After leaving our luxurious digs in Kuala Lumpur, we arrived in Singapore and checked into 'The Inn Crowd
' in the middle of little India and very quickly acclimatised back to our grubby ways, embracing the cheap beers, $2 noodles for dinner and shower sharing with 30 other people. Our first mission was
to find some good food and in our chosen location we weren't short of curry houses pumping out enticing aromas. We passed a number of very authentic Indian eateries displaying mouth-watering menus but it wasn't until we found an Indian man dressed up as Steve Irwin ushering us into a dark restaurant decked out with masses of plastic leaves, fake waterfalls and huge animal models that we were content.
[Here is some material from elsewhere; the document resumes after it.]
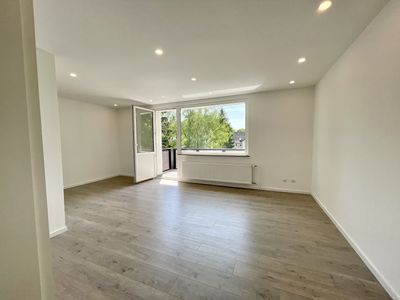 Lichtdurchflutete Zweizimmer Wohnung mit Sonnenbalkon und Einbauküche in Düsseldorf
An Indian version of the rainforest cafe was a strange concept to behold for us all and while we initially considered that they had perhaps spent a little too much effort on the decoration and not enough on the food, we were pleasantly surprised with a most satisfying feast.
We all decided that some fun was in order and rather than resorting to alcohol as we usually do, a two day pass to Universal Studios
seemed like a more appealing way to part with our dwindling funds. We mastered the MRT subway system and for the next 2 days our biggest worry was whether we would choose to be 'Human' or 'Cylon' on the Battlestar Galactica
. On our final weekend in Singapore, we ventured into the city to picnic and
sunbathe under the trees of the Botanical Gardens
, joined the throngs of tourists flocking to Clarke Quay
and the famous Merlion
and wandered through Chinatown
. If only we had been a little richer, it would have been an impressive city in which to check out the nightlife but we decided to save ourselves for Bali and stuck to a few Tiger beers and some low-key socialising at the hostel before catching the MRT across to Changi Airport for our flight to Denpasar on Monday afternoon.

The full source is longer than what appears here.